So basically, I have this model in sklearn that predicts the survival rate of titanic. its accuracy is around 0.77.
How can I make it better and more accurate?
import pandas as pd
import numpy as np
from sklearn.preprocessing import StandardScaler, LabelEncoder, MinMaxScaler
from sklearn.model_selection import train_test_split, GridSearchCV
from sklearn.linear_model import LogisticRegression
from sklearn import metrics
from sklearn.tree import DecisionTreeClassifier
train_df = pd.read_csv("train.csv")
test_df = pd.read_csv("test.csv")
le = LabelEncoder()
sc = StandardScaler()
train_df['Age'].fillna(train_df['Age'].mean(), inplace=True)
train_df["Embarked"].fillna("N", inplace=True)
train_df['Cabin'] = train_df['Cabin'].str[:1]
train_df['Cabin'].fillna('N', inplace=True)
train_df["Cabin"]
for col in ["Sex", "Embarked", "Cabin"]:
train_df[col] = LabelEncoder().fit_transform(train_df[col])
x = train_df.drop(["PassengerId","Name","Ticket", "Survived"], axis=1)
y = train_df["Survived"]
x_train, x_test, y_train, y_test = train_test_split(x, y, test_size=0.2)
dt_clf = DecisionTreeClassifier(max_depth= 5, min_samples_leaf= 1,min_samples_split= 2)
dt_clf.fit(x_train, y_train)
pred = dt_clf.predict(x_test)
print(metrics.accuracy_score(y_test, pred))
I filled the na with mean and changed the scaler and the algorithm, but nothing happened.
Handling Missing Values: You've filled the missing values in 'Age' with the mean. To take it a step further, consider using another methods to fill in missing values, such as the median, mode, or even using predictive models.
Feature Engineering: You can create some new features.
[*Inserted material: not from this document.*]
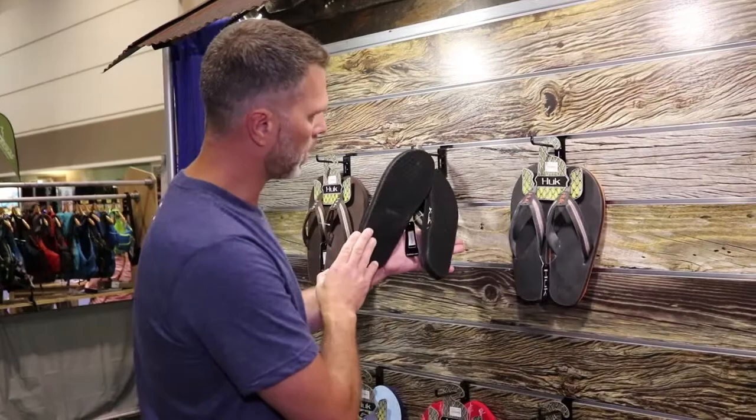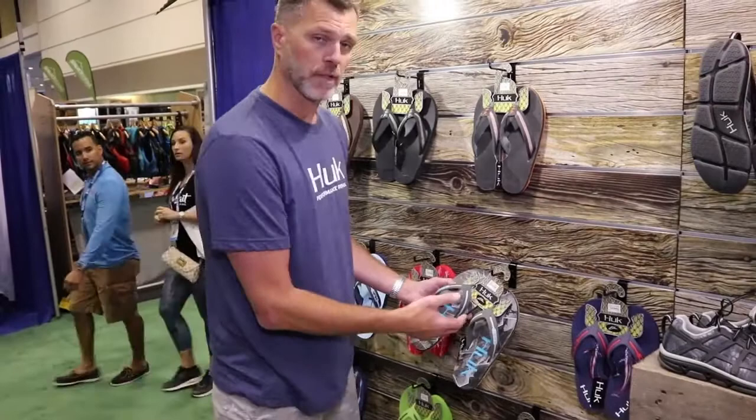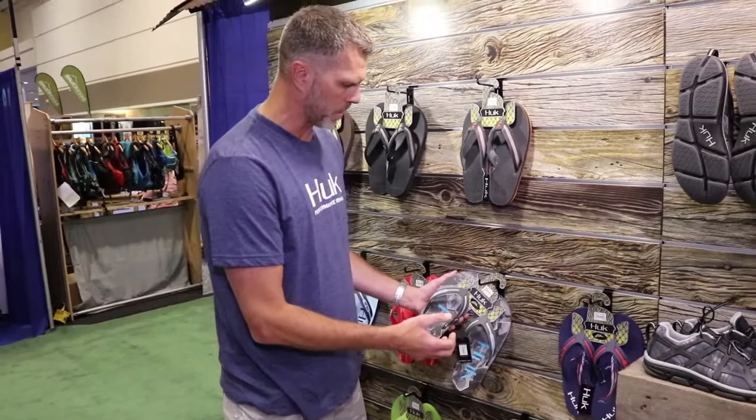And then a more accessible model — we have our Flip-Sir. We really incorporate the artist we partner with, Casey Scott, and really get his feel into these things. TPU strap and also has the Grip-X bottom.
For example:
Scaling and Encoding: You're currently using LabelEncoder for the categorical variables. Consider using OneHotEncoder or pd.get_dummies for better handling of categorical variables. Also, make sure to apply appropriate scaling techniques.
Feature Selection: You should select the most important features. You can use methods like recursive feature elimination (RFE), feature importance from models, or correlation matrices to drop the less important features.
Model Selection and Hyperparameter Tuning: You're using a DecisionTreeClassifier. Maybe you can try different algorithms and use cross-validation to fine-tune the hyperparameters. This will help you find the best combination for your model.
Cross-Validation and Hyperparameter Tuning: To find the best hyperparameters for your model, consider using GridSearchCV or RandomizedSearchCV.
Look at my reconstructed code:
import seaborn as sns
from sklearn.preprocessing import StandardScaler, OneHotEncoder
from sklearn.model_selection import train_test_split, GridSearchCV
from sklearn.pipeline import Pipeline
from sklearn.compose import ColumnTransformer
from sklearn.impute import SimpleImputer
from sklearn.ensemble import RandomForestClassifier, GradientBoostingClassifier
from sklearn.linear_model import LogisticRegression
from sklearn.svm import SVC
from xgboost import XGBClassifier
from sklearn.metrics import accuracy_score
# Load Titanic dataset from Seaborn
titanic = sns.load_dataset('titanic')
print("Dataset loaded.")
# Feature engineering
titanic['FamilySize'] = titanic['sibsp'] + titanic['parch']
titanic['IsAlone'] = (titanic['FamilySize'] == 0).astype(int)
titanic['deck'] = titanic['deck'].cat.add_categories('N').fillna('N')
print("Feature engineering completed.")
# Dropping features
dropped_features = ['alive', 'adult_male', 'embark_town', 'alone']
titanic.drop(dropped_features, axis=1, inplace=True)
print(f"Dropped less useful features: {dropped_features}")
# Preprocessing
numeric_features = ['age', 'fare', 'FamilySize']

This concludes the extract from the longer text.